Gnocchetti in sausage & tomato sauce
Ingredients
for 2 people
| 2 tbsp | olive oil |
| 1 | onion, finely chopped |
| 2 | garlic cloves, finely chopped |
| 180 g | salsiccia, removed from the skin with the back of a knife and roughly chopped |
| 1 tin | chopped tomatoes (approx. 230 g) |
| 1 dl | white wine |
| 1 sachet | Fine Food Greek Saffron |
| 1 | organic lemon, use grated zest |
| ¼ tsp | cinnamon |
| ¼ tsp | salt |
| a little | pepper |
| 200 g | Fine Food Malloreddus |
| a little | olive oil |
| 40 g | Pecorino, shaved into thin strips using a peeler |
How it's done
Sauce
Heat the oil in a non-stick frying pan.

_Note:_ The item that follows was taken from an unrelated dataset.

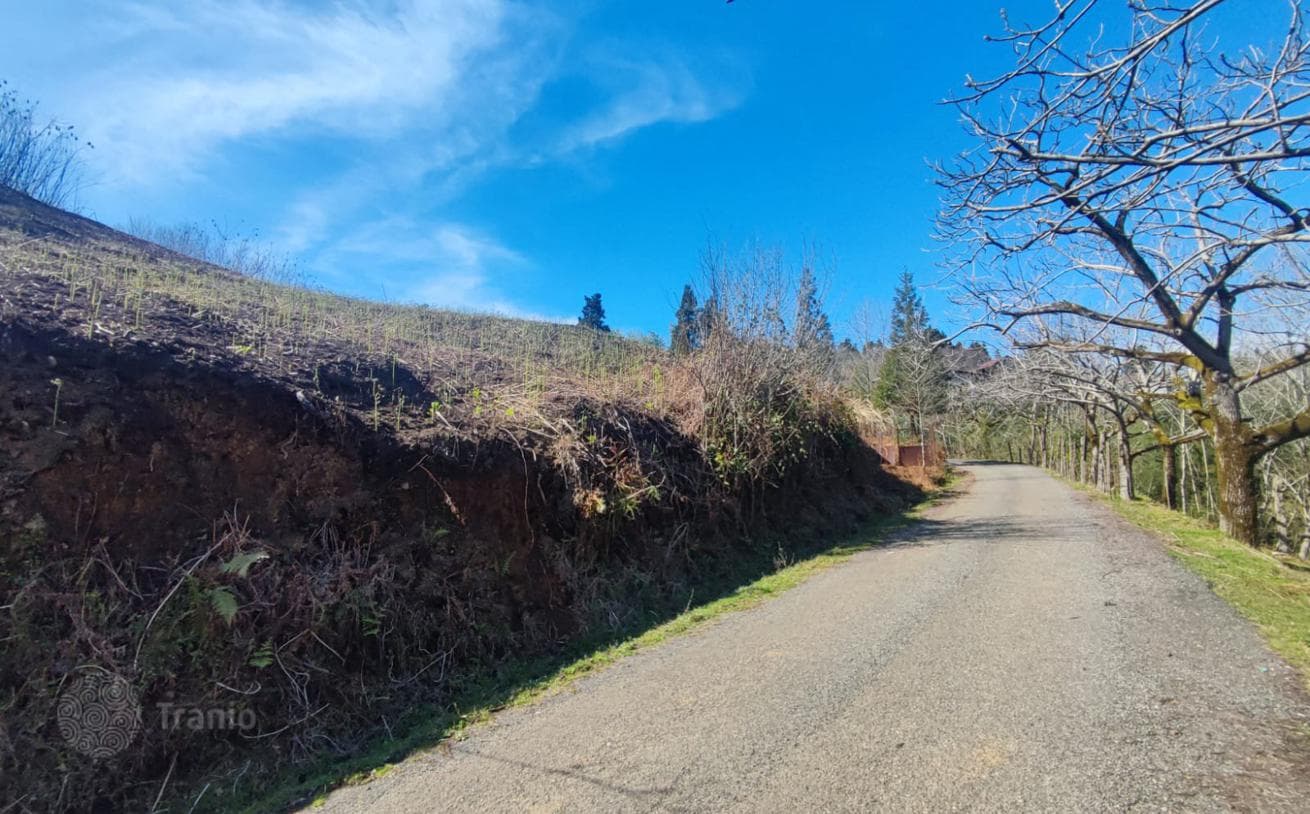 Large Land Plot with Mountain Views in Chakvi, Batumi, photo 2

Add the onion, garlic and sausage, sauté for approx. 2 mins. Add the tomatoes and all the other ingredients up to and including the pepper, mix, cover and simmer over a low heat for approx. 20 mins., stirring occasionally.
Pasta
Cook the pasta in boiling salted water until just al dente. Drain the pasta, mix into the sauce.
To serve
Plate up the pasta, drizzle with oil, sprinkle with cheese.